I remain haunted, almost obsessively so, by the agony of the Japanese converts who lamented their relatives being eternally tormented in hell.
I keep returning to the anguish of these Japanese Christian converts discussed in chapter five of Dale Allison’s Night Comes, where he tackles the question of hell and his struggle to reconcile a belief in hell with a loving God.
As I wrote in Part I, Allison is part of a growing number of liberal Christians who have an undying “antipathy” against the doctrine of eternal damnation.
One of the most devastating passages in chapter 5 is how the hell doctrine upturned the lives of fifteenth century Japanese converts to Christianity.

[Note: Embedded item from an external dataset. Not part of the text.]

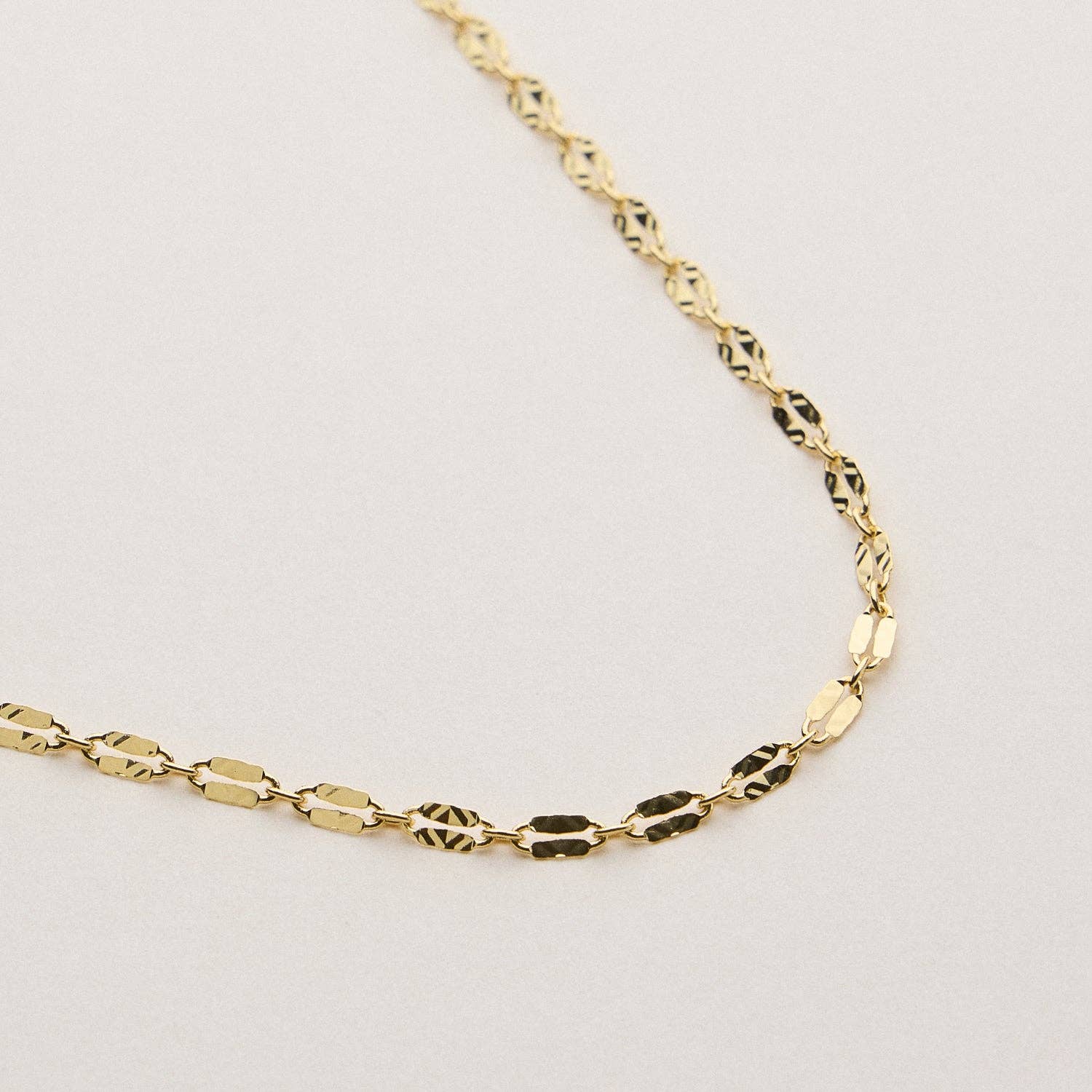 Frem - Wholesale Link & Chain Necklace - Textured Link Adjustable Chain Necklace - 18K Gold Dip1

These pious Japanese Christians, who converted at the hands of Jesuit missionaries, lived the rest of their lives obedient to Christ, but not in a state of joy; rather, they lived in torment and anguish over the belief that their relatives had perished in the bowels of hell. Their despair was recorded by Saint Francis Xavier. As Allison quotes:
“One of the things that most pains and torments these Japanese is, that we teach them that the prison of hell is irrevocably shut, so that there is no egress therefrom. For they grieve over the fate of their departed children, of their parents and relatives, and they often show their grief by their tears. So they ask us if there is any hope, any way to free them by prayer from that eternal misery, and I am obliged to answer that there is absolutely none. Their grief at this affects and torments them wonderfully; they almost pine away with sorrow. But there is this good thing about their trouble—it makes one hope that they will all be the more laborious for their own salvation, lest they, like their forefathers, should be condemned to everlasting punishment. They often ask if God cannot take their fathers out of hell, and why their punishment must never have an end. We gave them a satisfactory answer, but they did not cease to grieve over the misfortune of their relatives; and I can hardly restrain my tears sometimes at seeing men so dear to my heart suffer such intense pain about a thing which is already done with and can never be undone.”
I feel someone should write a piano suite, an opera, a symphony, or some other lament about this unbearable sorrow.